▶ _Work instruction_: Where a picture appears, leave it out, and print the rest of the records as they are.

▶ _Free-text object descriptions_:
○ ○ ○

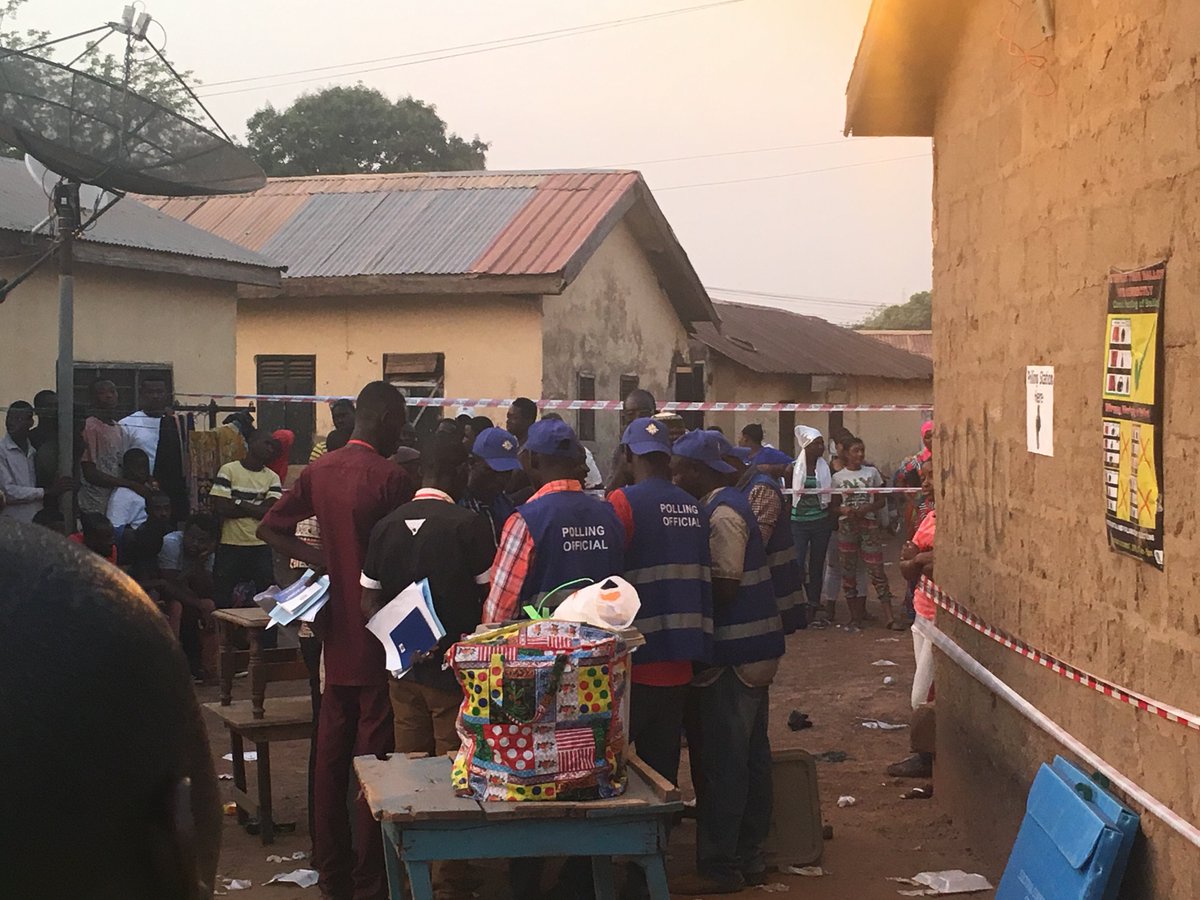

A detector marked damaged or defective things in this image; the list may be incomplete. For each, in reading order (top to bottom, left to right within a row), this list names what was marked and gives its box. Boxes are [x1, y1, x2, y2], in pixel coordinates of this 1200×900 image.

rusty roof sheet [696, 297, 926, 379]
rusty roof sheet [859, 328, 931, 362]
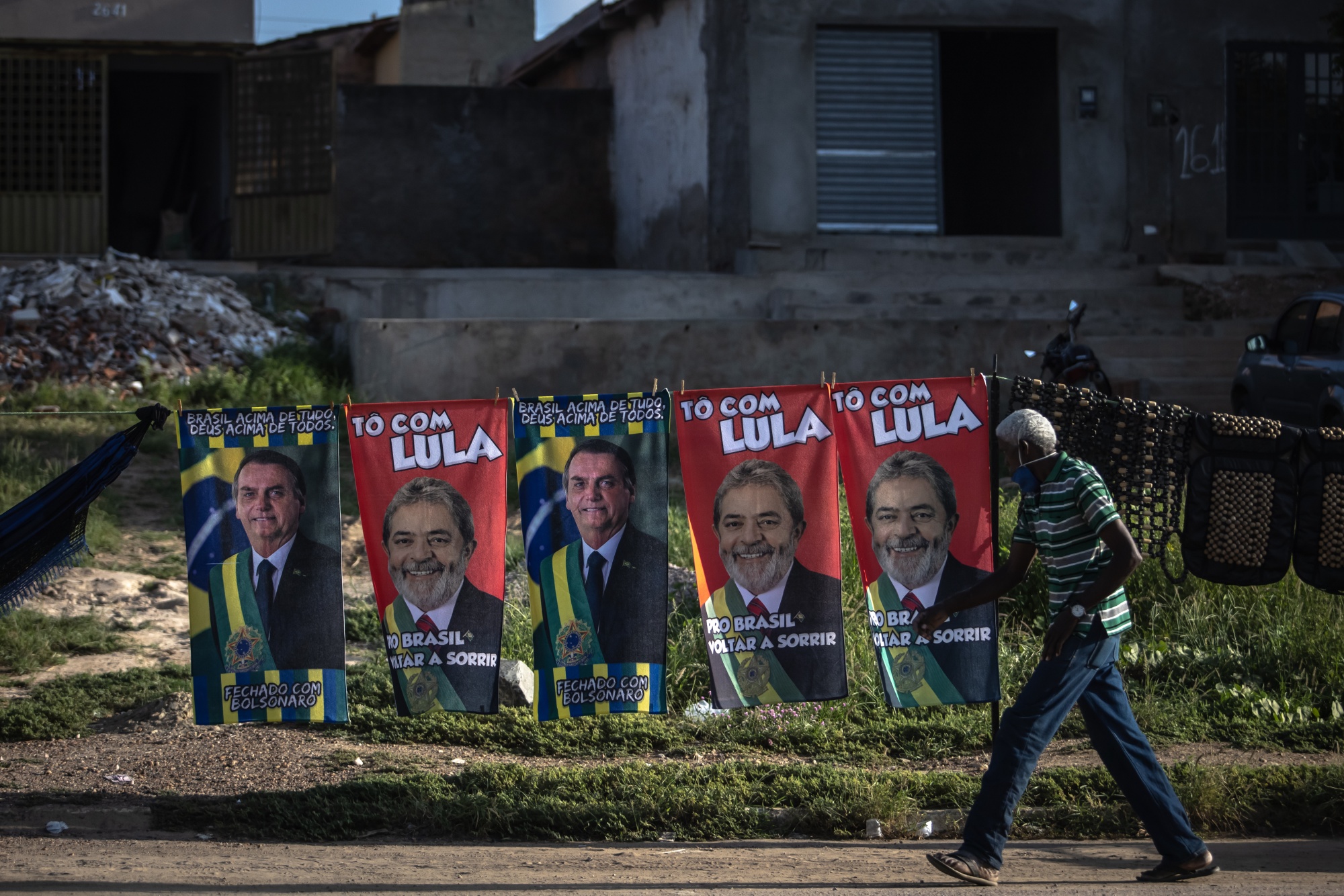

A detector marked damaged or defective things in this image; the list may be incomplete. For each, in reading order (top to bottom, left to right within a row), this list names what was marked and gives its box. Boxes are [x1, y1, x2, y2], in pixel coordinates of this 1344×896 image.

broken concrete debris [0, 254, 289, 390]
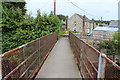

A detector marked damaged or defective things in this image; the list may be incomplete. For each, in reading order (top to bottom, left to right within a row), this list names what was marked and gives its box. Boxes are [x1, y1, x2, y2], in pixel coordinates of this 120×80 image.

○ ○ ○

▶ _Response box_:
A detector marked damaged or defective things in this image; the list may be incomplete. For each, in reading order (top to bottom, left to right within a row), this list names what was marked and gives its box. Boxes are [x1, y1, x2, y2], in pixel coordinates of this 1200×900 image.

rusty roof sheet [696, 297, 926, 379]
rusty roof sheet [859, 328, 931, 362]

A detector marked damaged or defective things in this image; the list may be incomplete. For each, in reading order (top to bottom, left to right within a row), this list names what was marked and gives its box. Boxes are [x1, y1, x2, y2], in pixel coordinates of this 1344×896 image.

broken concrete debris [0, 254, 289, 390]

A detector marked damaged or defective things in this image; the list may be incomplete. For each, in reading order (top to bottom, left to right within a row), this list names what was marked and gives its box. Boxes are [x1, y1, x2, y2], in pixel coordinates of this 120×80 image.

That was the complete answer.